++++ Data block ++++
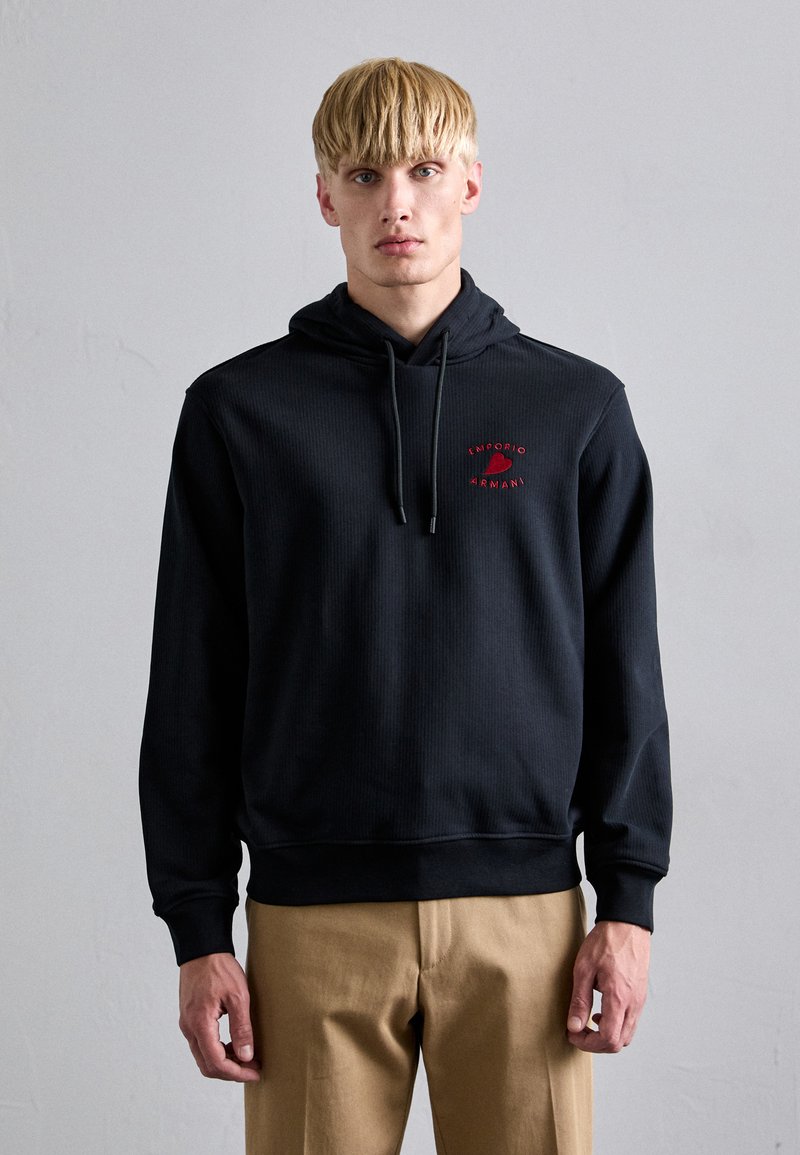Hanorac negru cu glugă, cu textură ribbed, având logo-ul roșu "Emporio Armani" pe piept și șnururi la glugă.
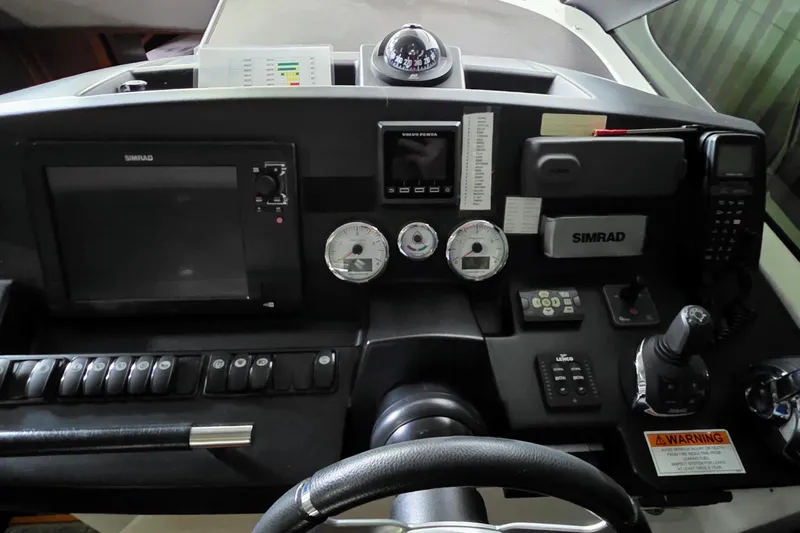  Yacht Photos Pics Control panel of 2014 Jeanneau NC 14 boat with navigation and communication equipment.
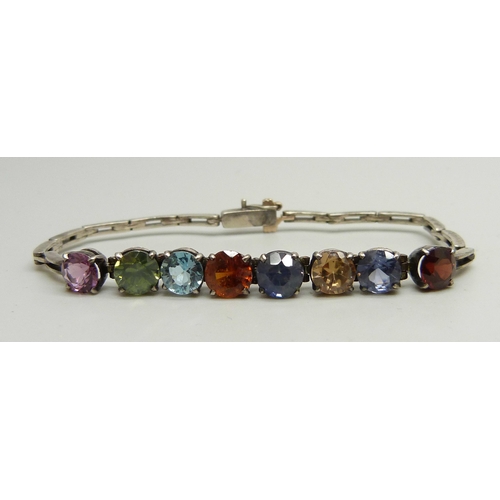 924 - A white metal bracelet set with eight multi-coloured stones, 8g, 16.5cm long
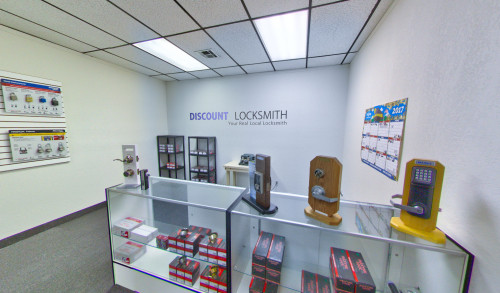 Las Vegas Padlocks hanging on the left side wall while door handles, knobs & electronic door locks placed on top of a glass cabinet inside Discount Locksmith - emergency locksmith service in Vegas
++++
Pass over the images and copy the rest of the material above exactly.

#### Result for this task
Hanorac negru cu glugă, cu textură ribbed, având logo-ul roșu "Emporio Armani" pe piept și șnururi la glugă.
  Yacht Photos Pics Control panel of 2014 Jeanneau NC 14 boat with navigation and communication equipment.
 924 - A white metal bracelet set with eight multi-coloured stones, 8g, 16.5cm long
 Las Vegas Padlocks hanging on the left side wall while door handles, knobs & electronic door locks placed on top of a glass cabinet inside Discount Locksmith - emergency locksmith service in Vegas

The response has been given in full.